# Find data slices with Sliceguard

We use [Sliceguard](https://github.com/Renumics/sliceguard) to identify data segments where our machine learning model performs anomalously (data slices). We interactively explore these data slices to find model failure modes and problematic data segments.

More information about this play can be found in the Spotlight documentation: [Find typical image datasets with Cleanvision](https://renumics.com/docs/playbook/data-slices-sliceguard)

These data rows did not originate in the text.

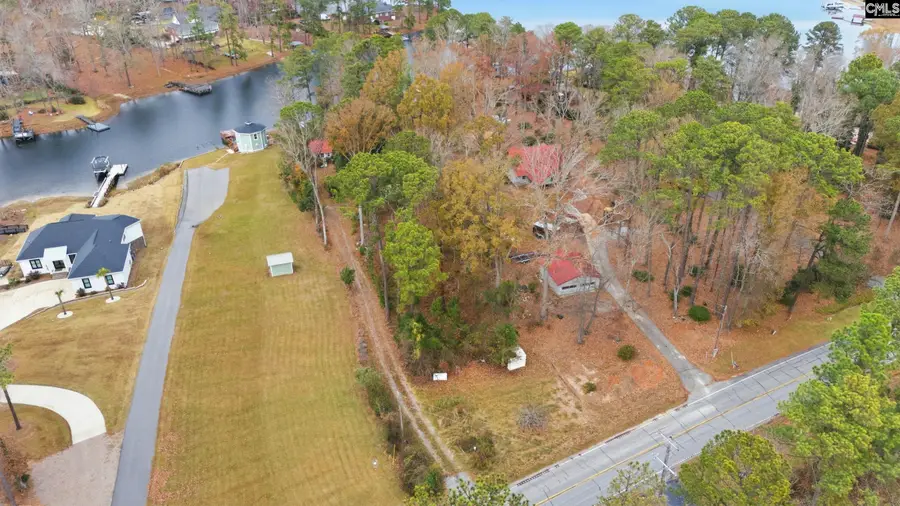 1233 Shull Island Road, Gilbert, SC 29054 - Image #3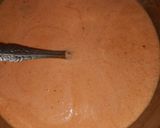 A picture of step 4 of Saucy Portuguese Fillet(perfect for rolls and burgers).
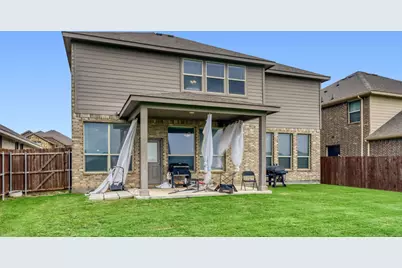 422 Milligan Drive, Midlothian, TX 76065 - Photo 27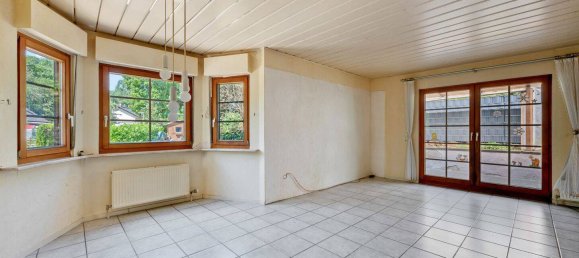 3 bedrooms House in Rhein-Neckar-Kreis, Germany No. 346298 2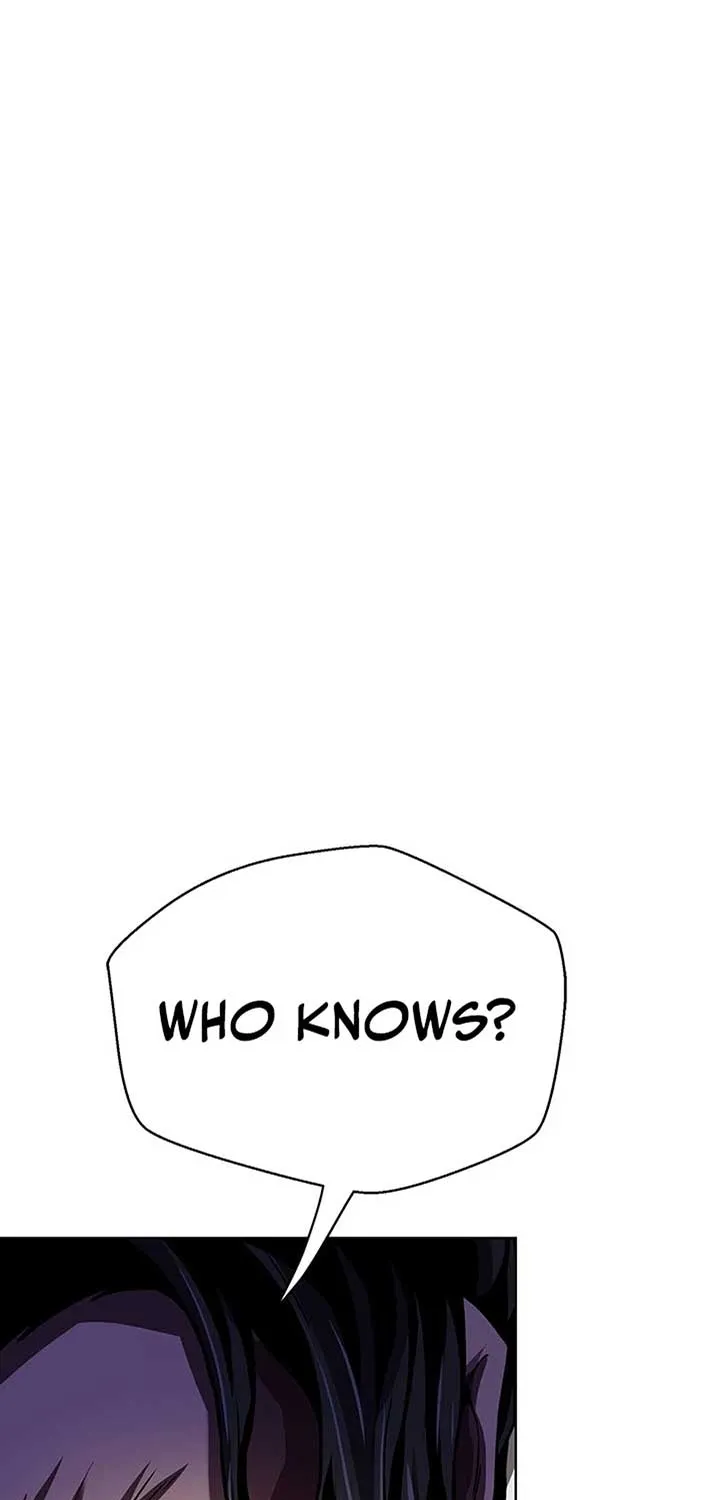Chapter 48 — page 158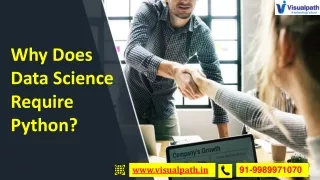 data science course in hyderabad | data science training in hyderabad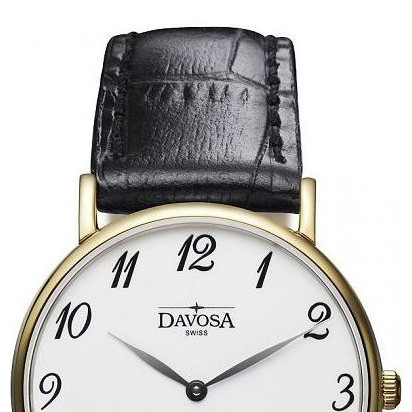 Davosa Pianos II Ladies 16756626 3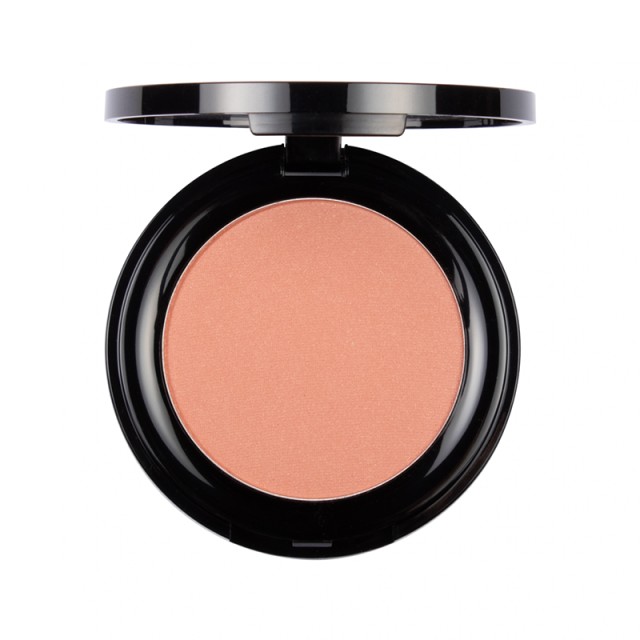 MD Professionnel Everlasting Velvet Powder Blush, Νο254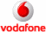 Vodafone SMS brána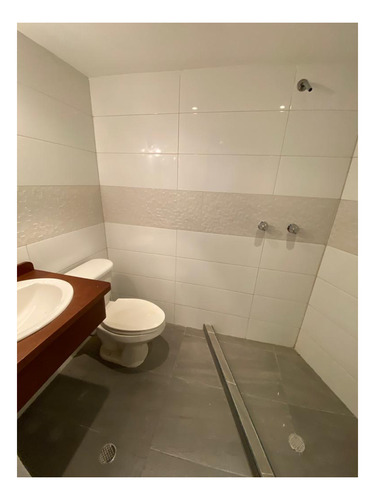 Imagen 13 de 16 de Vendo Casa 500mts2 4h+s/4.5b+s/6p Las Marías 0053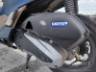 2024 HONDA PCX 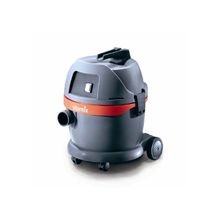 BOSCH SILVER PERCUSSION 2.608.597.683 сверло по бетону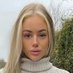 Daphne Hyde (@princess_daph16) Twitter profile photo Daphne Hyde (@princess_daph16) Twitter profile photo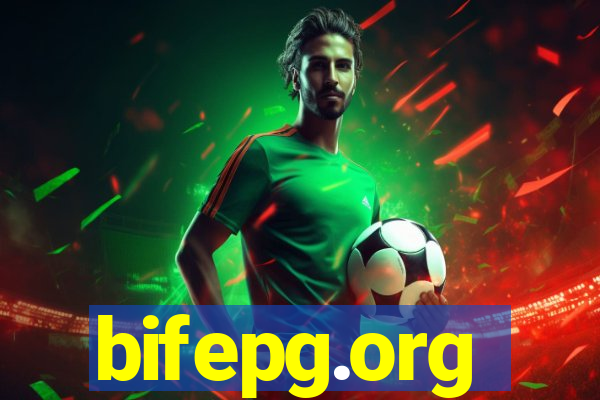 bifepg.org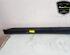 Sill Trim MERCEDES-BENZ B-CLASS (W245)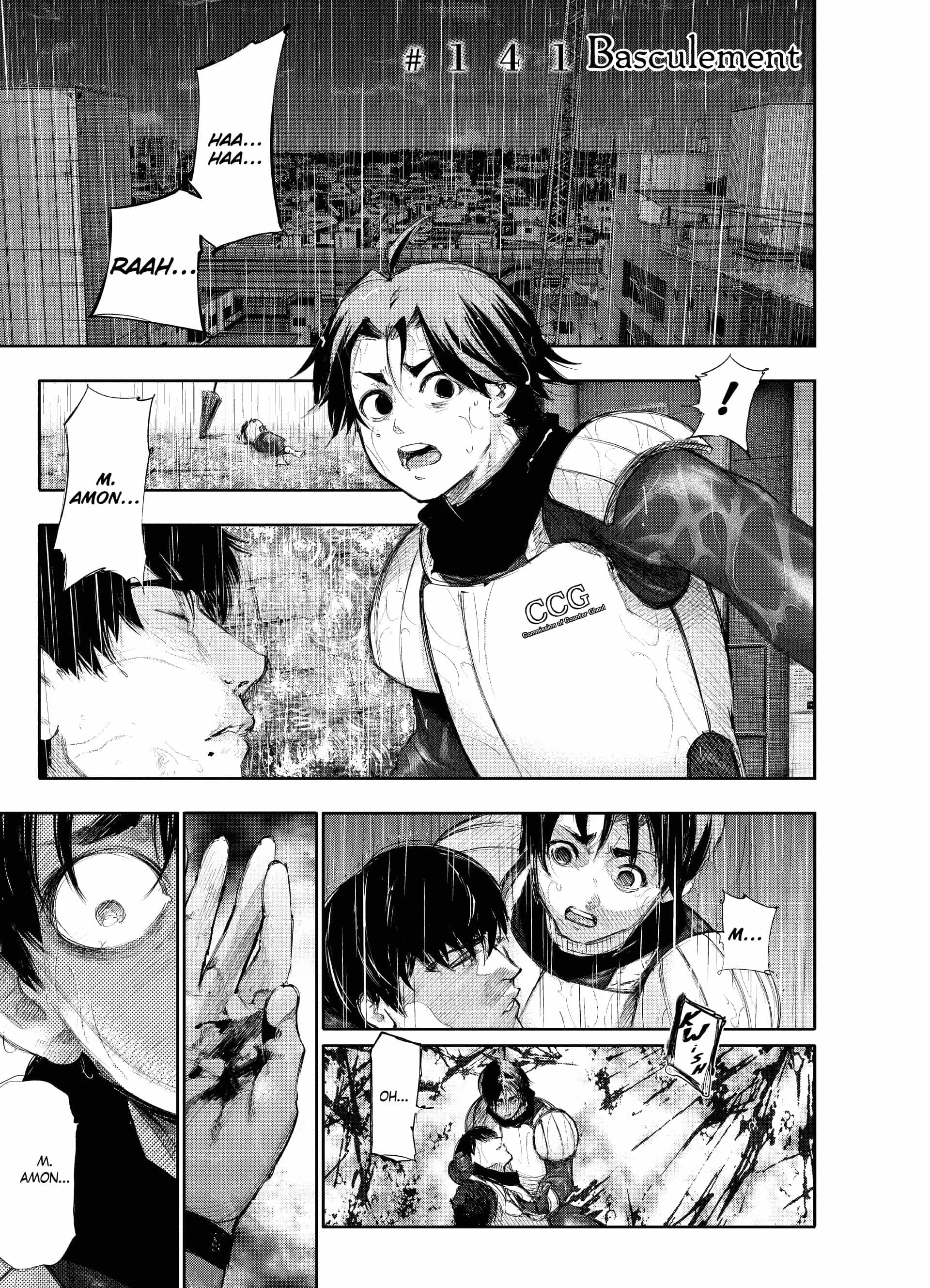 Chapter Image 38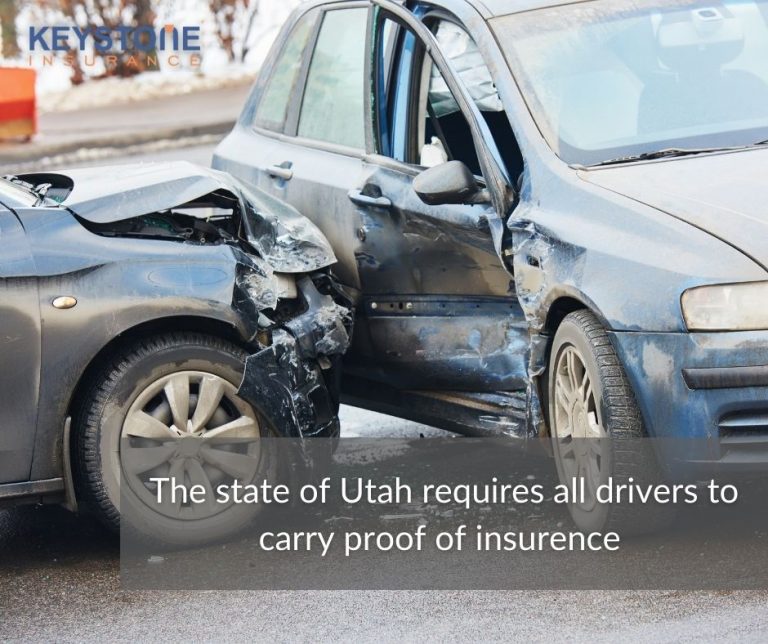 insurance bear river auto good car review mutual oldest utah casualty property company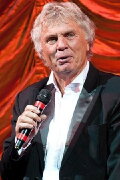 Stan Boardman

For more data-centric AI workflows, check out our [Awesome Open Data-centric AI](https://github.com/Renumics/awesome-open-data-centric-ai) list on Github.

## tldr

In [None]:
# @title Install required packages with PIP

!pip install renumics-spotlight datasets cleanvision sliceguard

In [None]:
from sklearn.metrics import accuracy_score
import pandas as pd
import datasets
from renumics.spotlight import Image
from sliceguard import SliceGuard
from cleanvision.imagelab import Imagelab


def find_data_slices(
    df,
    categories,
    category_types={},
    spotlight_dtype={},
    embedding_name="embedding",
    label_name="label",
    prediction_name="prediction",
):
    sg = SliceGuard()
    df_slices = sg.find_issues(
        df,
        categories,
        label_name,
        prediction_name,
        accuracy_score,
        precomputed_embeddings={"embedding": df[embedding_name].to_numpy()},
        metric_mode="max",
        feature_types=category_types,
    )

    sg.report(spotlight_dtype=spotlight_dtype)

    return df_slices

## Step-by-step example on CIFAR-100

### Load CIFAR-100 from Huggingface hub and convert it to Pandas dataframe

In [None]:
import datasets
from renumics import spotlight

dataset = datasets.load_dataset("renumics/cifar100-enriched", split="test")

df = dataset.to_pandas()

### Compute heuristics for typical image data error scores with Cleanvision

In [None]:
def cv_issues_cleanvision(df, image_name="image"):
    image_paths = df["image"].to_list()
    imagelab = Imagelab(filepaths=image_paths)
    imagelab.find_issues()

    df_cv = imagelab.issues.reset_index()

    return df_cv


df_cv = cv_issues_cleanvision(df)
df = pd.concat([df, df_cv], axis=1)

### Inspect errors and detect problematic data slices with Sliceguard

> ⚠️ Running Spotlight in Colab currently has severe limitations (slow, no similarity map, no layouts) due to Colab restrictions (e.g. no websocket support). Run the notebook locally for the full Spotlight experience.

In [None]:
categories = [
    "dark_score",
    "low_information_score",
    "light_score",
    "blurry_score",
    "fine_label",
]
prediction = "fine_label_prediction"
label = "fine_label"
category_types = {"fine_label": "nominal"}
spotlight_dtype = {"image": Image}

find_data_slices(
    df,
    categories,
    category_types=category_types,
    spotlight_dtype=spotlight_dtype,
    embedding_name="embedding",
    label_name=label,
    prediction_name=prediction,
)